Pour coordonner leur comportement, les criquets utilisent principalement des phéromones, des substances chimiques spécifiques à leur espèce. Ces signaux sont essentiels pour la communication et généralement pour la formation de groupes. Lorsqu’un criquet détecte ses congénères, il émet des phéromones d’agrégation, notamment la vinylanisole.

Une fois libérée, cette molécule est captée par les antennes des autres criquets, attirant tous ceux qui se trouvent à proximité, quel que soit leur sexe ou leur âge. Plus le groupe grossit, plus le signal devient puissant, alimentant ainsi un cercle vicieux d’agrégation. Ce phénomène explique la croissance rapide des essaims.

La vinylanisole constitue donc un signal clé pour former ces rassemblements, mais d’autres substances pourraient aussi jouer un rôle dans le processus d’agrégation.

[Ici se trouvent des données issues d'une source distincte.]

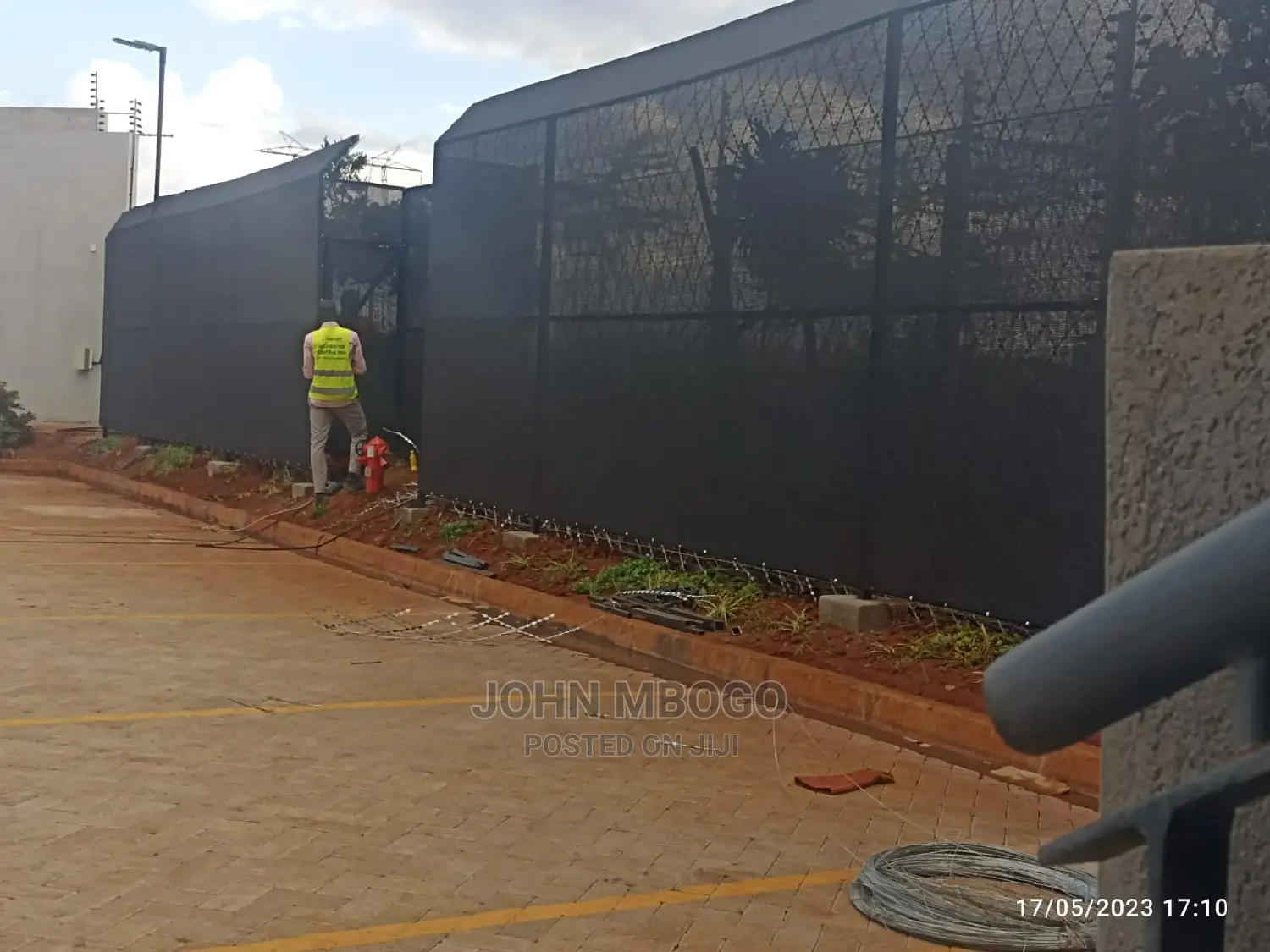 Fencing Net/ Privacy Net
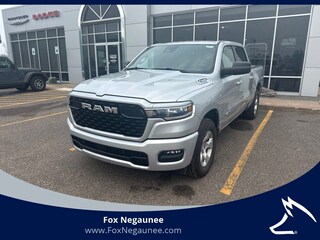 2026 Ram 1500 Big Horn/Lone Star Truck Crew Cab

Où et quand observe-t-on ces essaims de criquets ?

Ces regroupements massifs apparaissent principalement lorsque les insectes font face à une pénurie de ressources alimentaires. En période de restrictions, ils se concentrent dans des zones riches en végétation pour se nourrir et se reproduire sans interruption. Les changements climatiques, en provoquant sécheresses ou épisodes pluvieux extrêmes, favorisent leur apparition en modifiant la disponibilité de la nourriture.

La péninsule arabique, en particulier le Yémen, devient souvent un terrain d’accueil pour ces rassemblements, notamment lors de cycles de cyclones plus fréquents.

En 2020, des essaims d’une ampleur exceptionnelle ont ravagé pendant plusieurs semaines de vastes régions d’Afrique de l’Est, notamment en Éthiopie, en Somalie et au Kenya. L’un des plus grands contenait environ 200 milliards de criquets, couvrant une superficie de 2 400 km², équivalente à celle du Luxembourg.

Sachant qu’un seul criquet consomme en moyenne 2 g de nourriture par jour, la quantité totale de nourriture dévorée par un essaim de cette dimension atteint 400 000 tonnes, ce qui représente une menace sérieuse pour la sécurité alimentaire. Ce genre de phénomène n’avait pas été observé depuis 25 ans dans la région.

La compétition accrue pour la nourriture entraîne aussi des morts parmi les insectes. La seule solution efficace reste l’application d’insecticides pour limiter leur propagation.